It's a sound that seems so familiar to me as I walk through Alphabet City:discarded Duane Reade bags and fountain drink caps with straws still jabbed in them all rattling together in New York's rancid winds, fragments of trash and continuous street din, all mashed together as odors and noises both noxious and intoxicating. It's the sound of years' worth of journal-like tapes made by Japanese improviser and current New York denizen Aki Onda.
Although his long history involves working with Boredoms' Yamatsuka Eye, Nick Cave collaborator Blixa Bargeld, Mego Records' pop deconstructionist Tujiko Noriko, and glitch pioneer Nobukazu Takemura, as well as releasing music under the name of Audio Sports, this is a highly personal work dealing with Onda's own memories, or rather, a trace of memories captured by a handheld tape recorder. Through re-examining these lost moments of time spent wandering the labyrinthine cityscape, Onda has processed and tweaked aspects of the captured fragments and played them back in real time. Certain sounds rise out of the consomme but they all get fed back into the mix, conjuring landscapes lost yet re-contextualized in the swirl of noise and wind.
For the uninitiated, I'd compare a piece like the opening "One Day" to the sort of psychedelia practiced by Austrian guitarist Christian Fennesz (circa Instrument), in that he takes the mundane sounds of a guitar and crafts something far greater as it loops and extends itself beyond its original shape. Onda spins a similar vortex from a forgotten lobe in the tapehead, taking in mechanistic clicks and sax honks from the street, along with an undertow of playground chatter, and twisting it together with a warped clatter of tinny percussion. "Eclipse" jumps around a bit more-- all ice cream trucks, cafe orders, and noisy jams cutting in and out-- before settling into a drony, indeterminate haze of sounds that flicker past like subway car windows under the street. The visual quality of French composer Luc Ferrari is a touchstone for these sounds, too. The opening burst of Tompkins Square Park percussion and bum hollers on "Dream" echoes the bongo fury that opens his Danses Organiques.
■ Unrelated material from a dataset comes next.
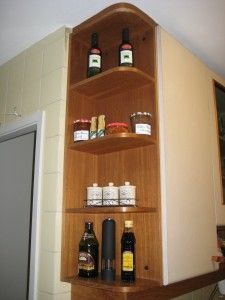 decorando-a-cozinha-3 Estante que fica na quina do armário em cima da pia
Cinema plays a great role in organizing the clamor. Onda openly acknowledges his debt to visionaries of the medium such as Stan Brakhage and Jonas Mekas. To that list I would add Chris Marker (an influence on Fennesz as well), as throughout this disc of "cassette memories," he blends and blurs the audio fact with the subtle manipulations of the fictional and fanciful until it's impossible to separate the two extremes. "Last" has all the buzzy breath of prime Dead C stench, with tapes chirping backwards and gas pipes pinging about. The racket pushes and pulls with delirious speed, frames held for a second before blurring again. Even built from such cast-off garbage sounds, grimy and lo-fi, the residue of these hand-held tapes has a hypnotic and fascinating effect. It's bits of fiery loft-jazz breath, yellow taxi traffic, rat death, Puerto Rican children in the streets, drunks yelling, pigeon shit, and the subway scrapes of raw brakes screaming in unified chorus. Welcome to New York.